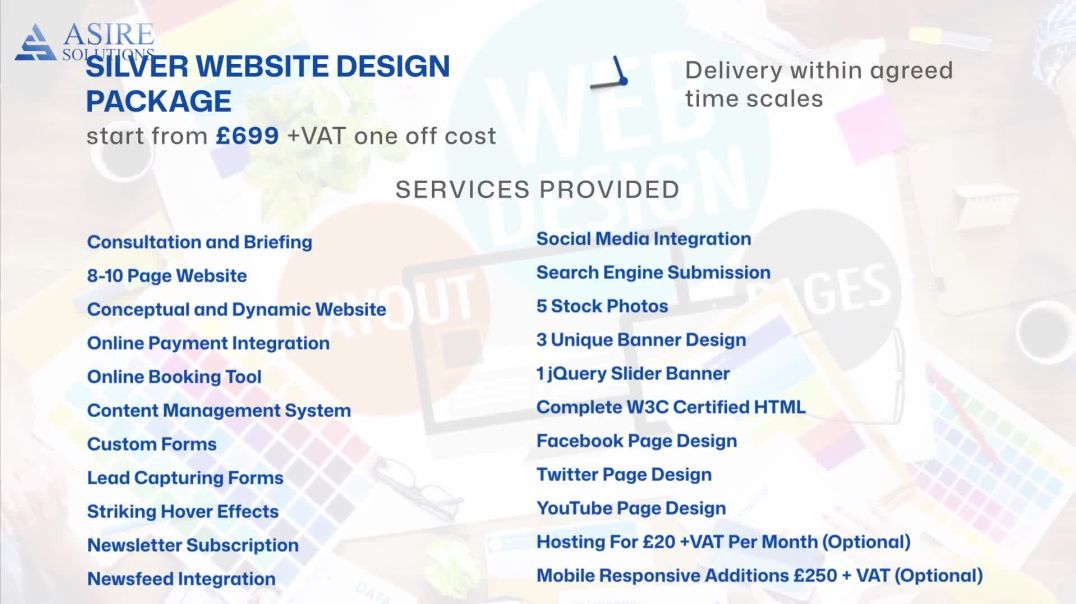 Silver Website Design Package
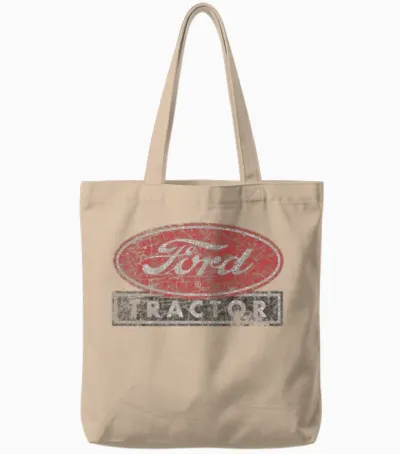 Ford Ford Tractor Birthday Chirstmas Present Tote Bags - Natural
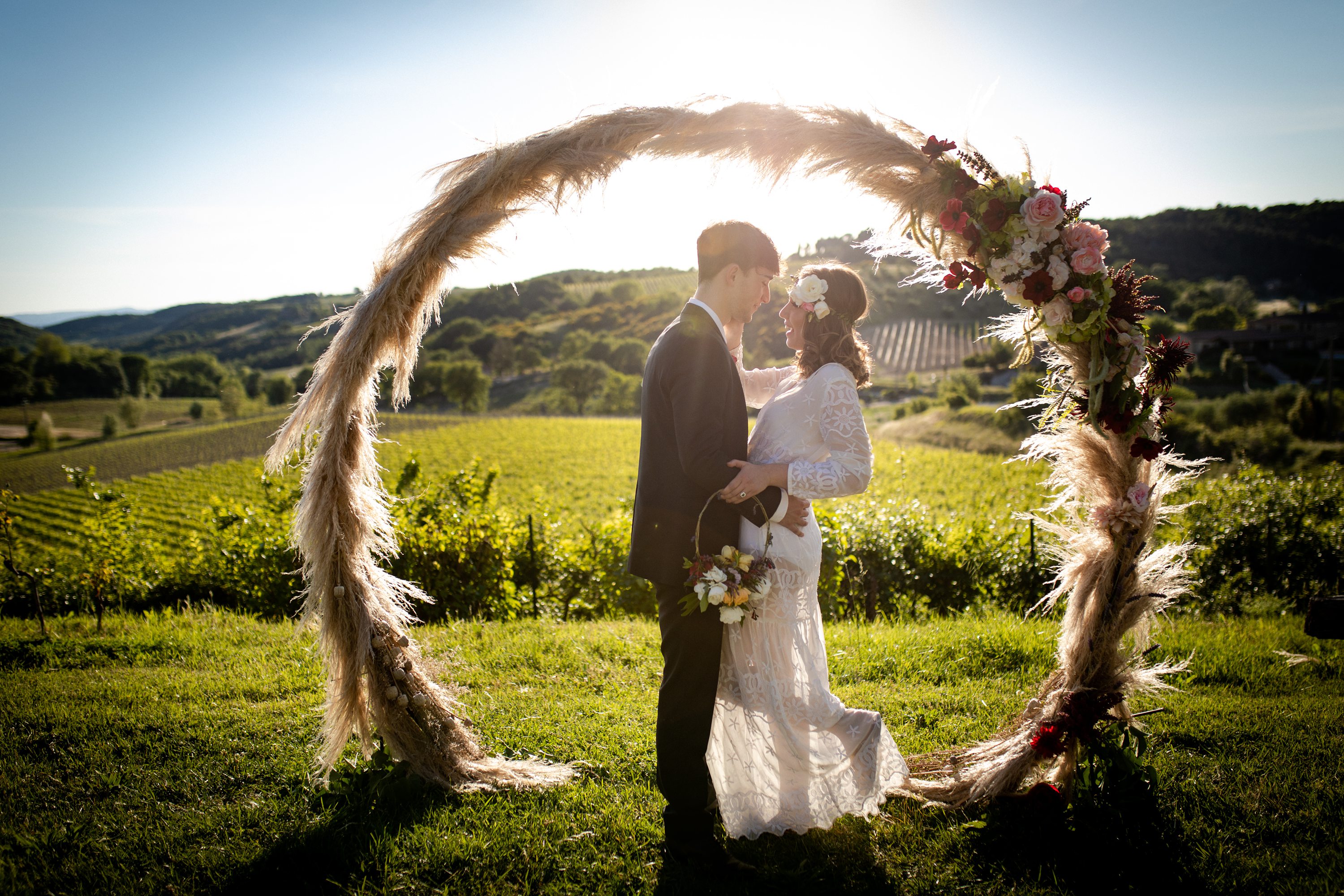 Bohémien elopement al Relais Ortaglia di Montepulciano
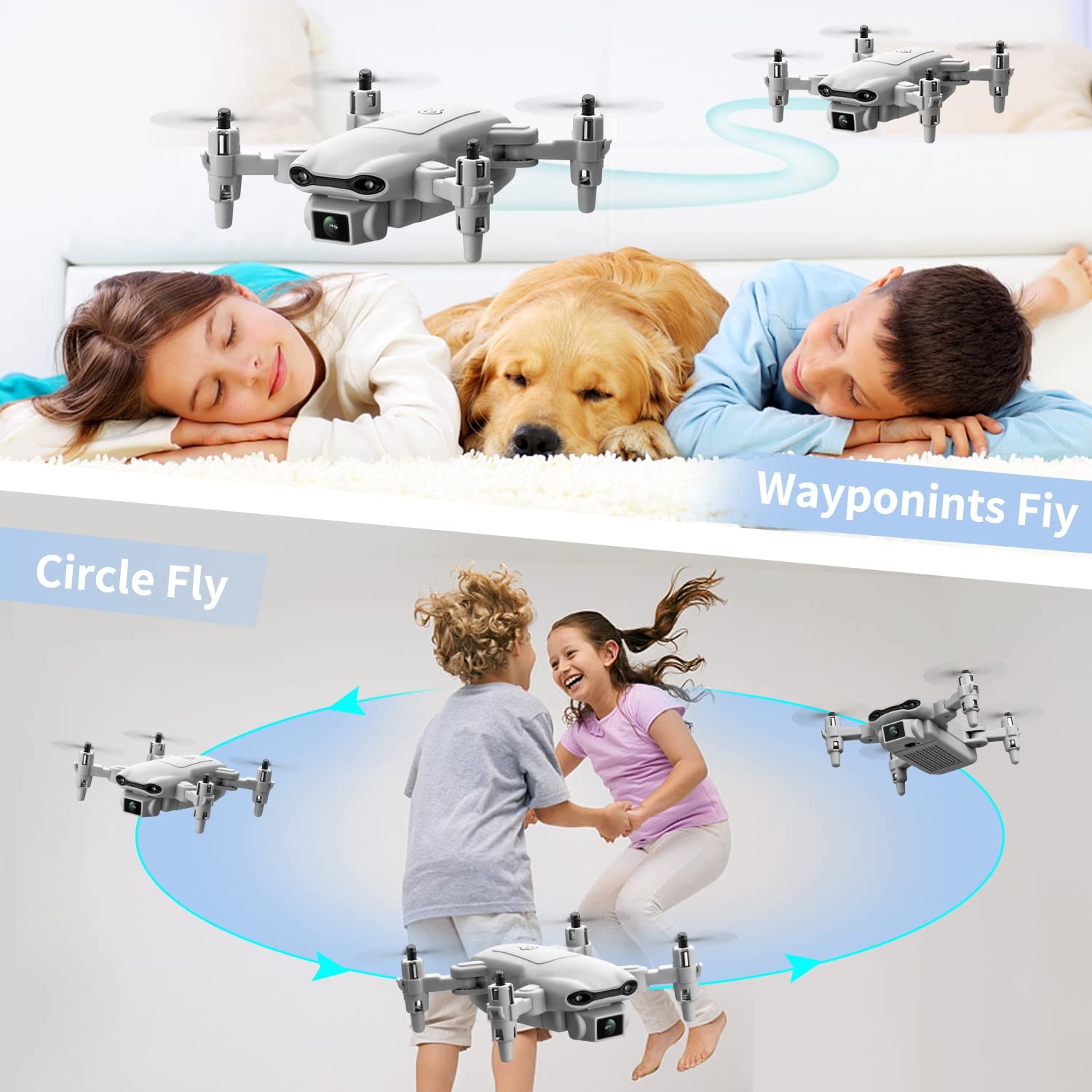 4DV9 Drone with 1080P HD Camera for Kids FPV Live Video RC Mini Quadcopter Helic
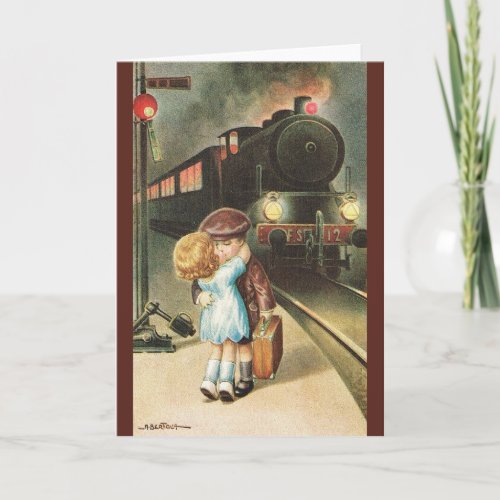 Vintage Valentine Love Greeting Card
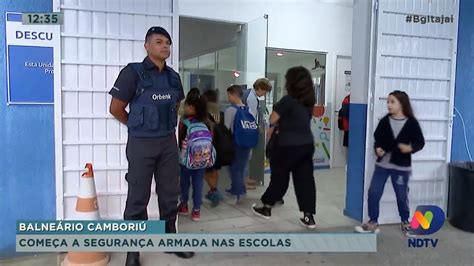 Come A A Seguran A Armada Nas Escolas De Balne Rio Cambori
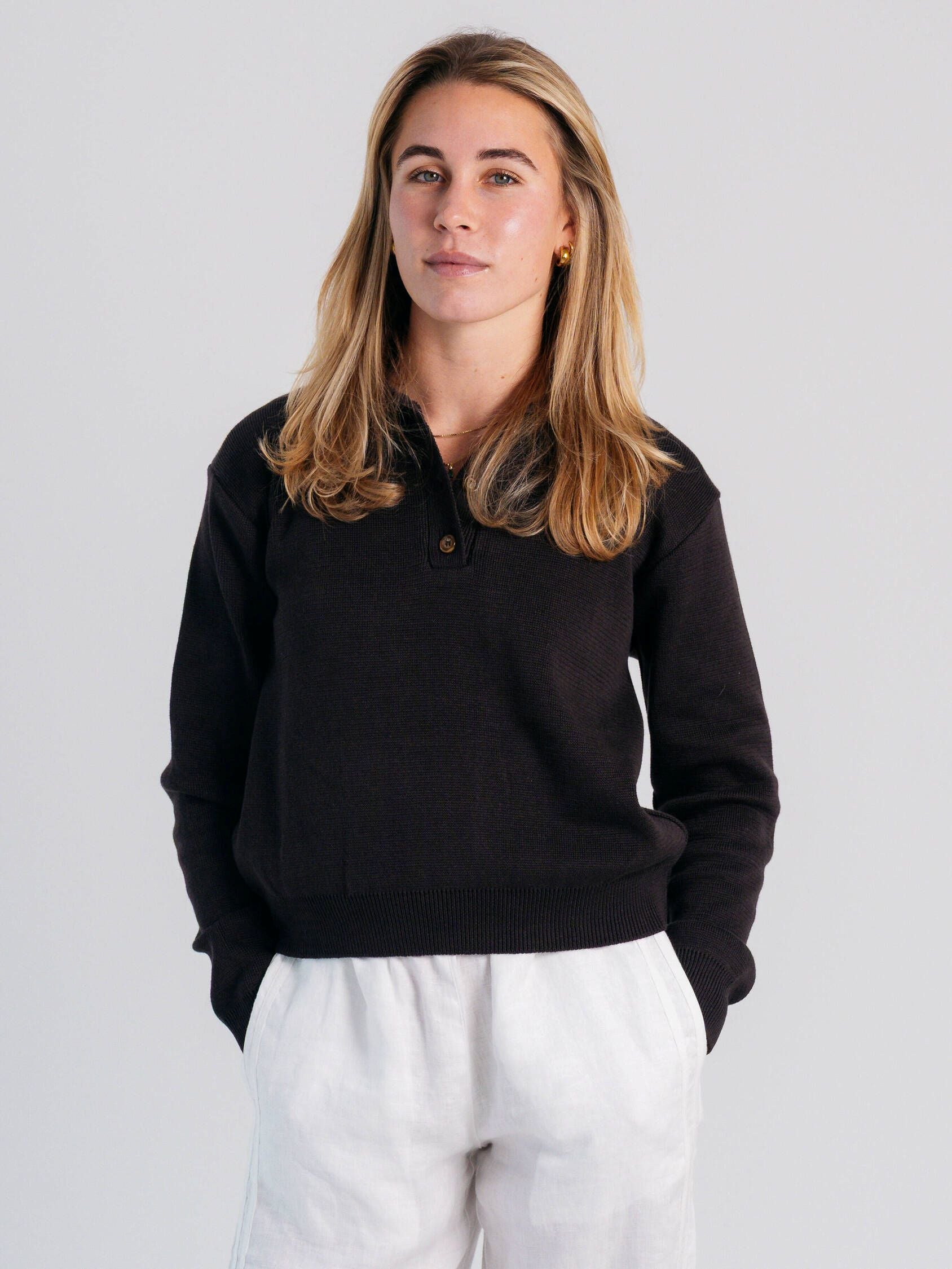 Collar Knit Jersey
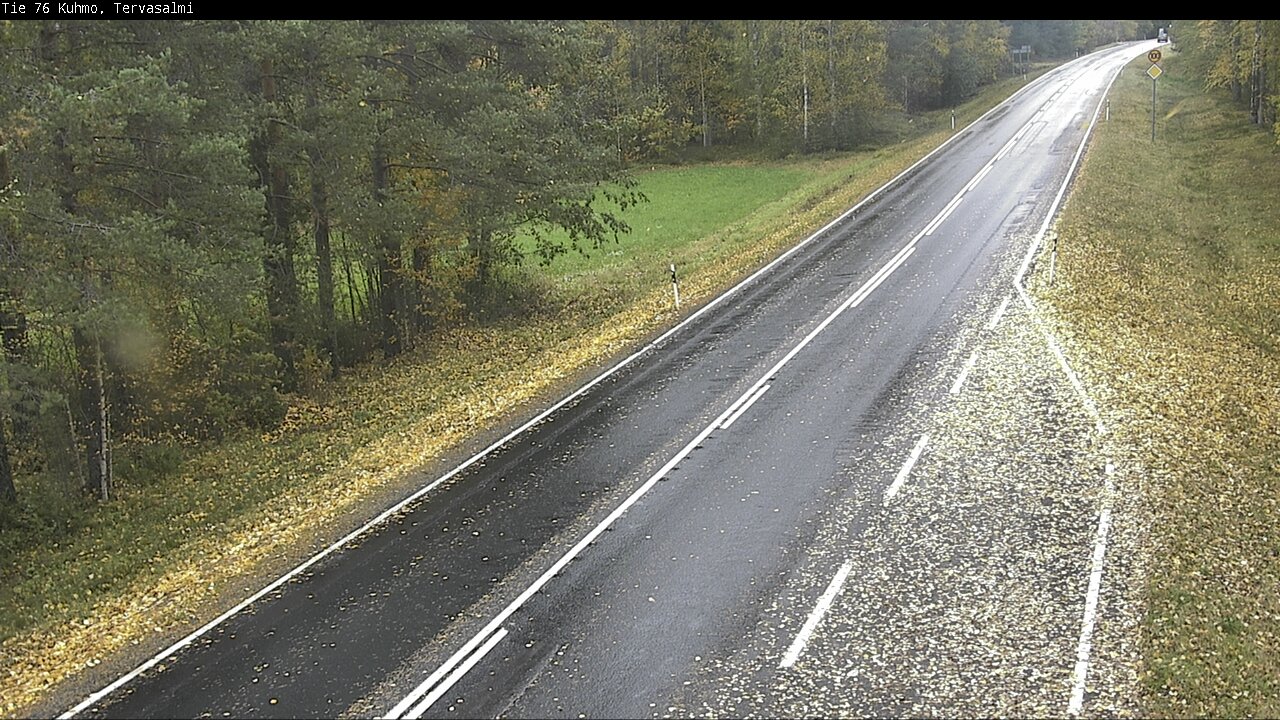 Weather Camera Image Road 76 Kuhmo, Tervasalmi, Kuhmo, Kainuu
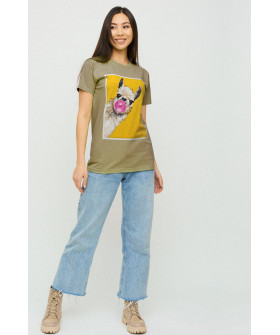 Boyfriend T-shirt / air print /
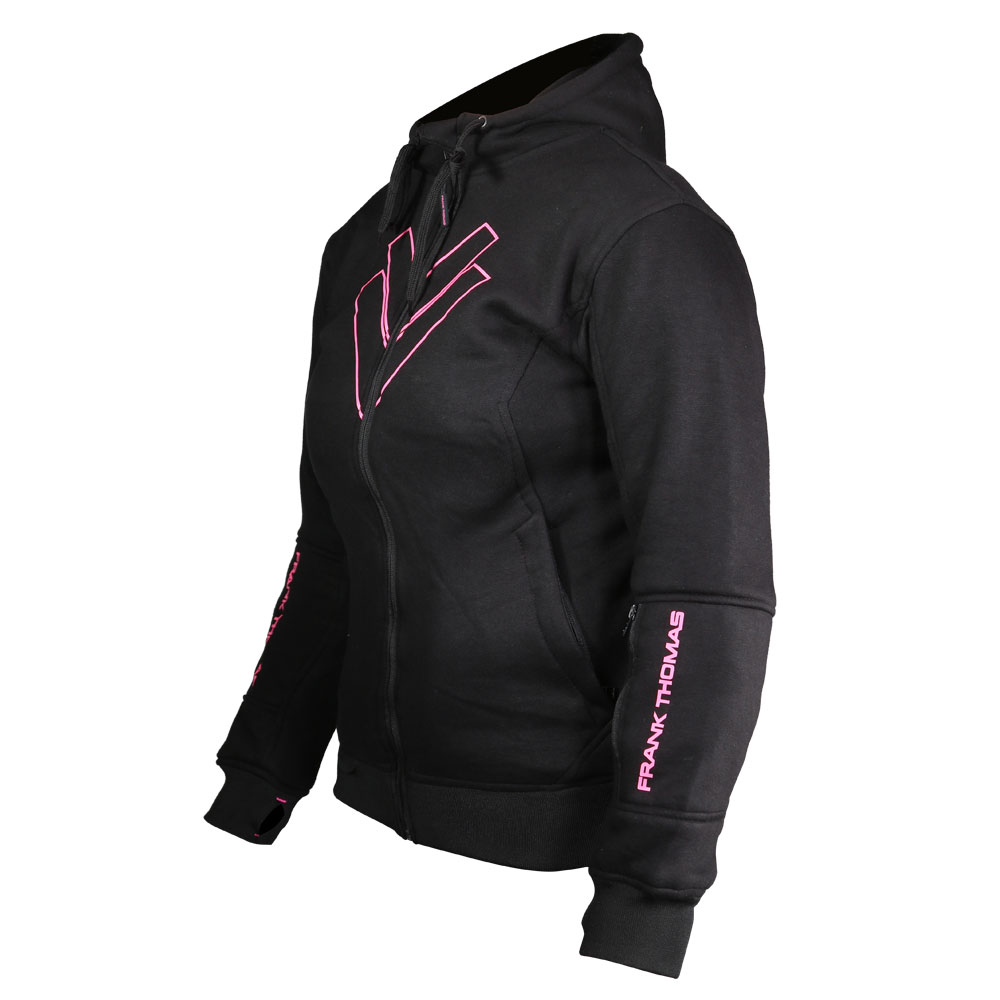 Burner V2 Ladies Hoodie Black Pink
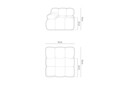 Modul stanga pentru canapea, 1 loc, Bellis-51, Micadoni Home, 94x94x70 cm, catifea, teracota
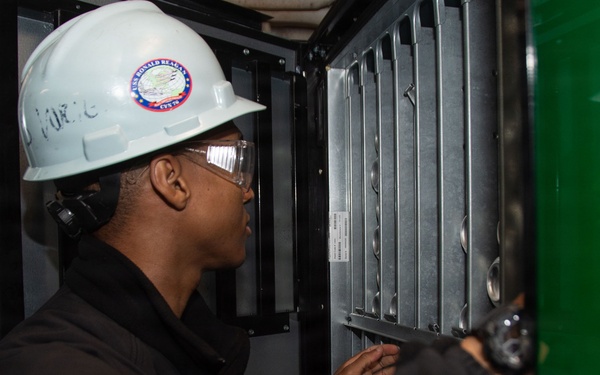 Ronald Reagan Sailors and Contractors Conduct Daily Operations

- - -

**EXERCISE BRIEF**
Reproduce only the lines between the line with "Ford Ford Tractor" and the final line of the records, both included, so that the copy matches them exactly and contains no pictures.

**YOUR SOLUTION**
 Ford Ford Tractor Birthday Chirstmas Present Tote Bags - Natural
 Bohémien elopement al Relais Ortaglia di Montepulciano
 4DV9 Drone with 1080P HD Camera for Kids FPV Live Video RC Mini Quadcopter Helic
 Vintage Valentine Love Greeting Card
 Come A A Seguran A Armada Nas Escolas De Balne Rio Cambori
 Collar Knit Jersey
 Weather Camera Image Road 76 Kuhmo, Tervasalmi, Kuhmo, Kainuu
 Boyfriend T-shirt / air print /
 Burner V2 Ladies Hoodie Black Pink
 Modul stanga pentru canapea, 1 loc, Bellis-51, Micadoni Home, 94x94x70 cm, catifea, teracota
 Ronald Reagan Sailors and Contractors Conduct Daily Operations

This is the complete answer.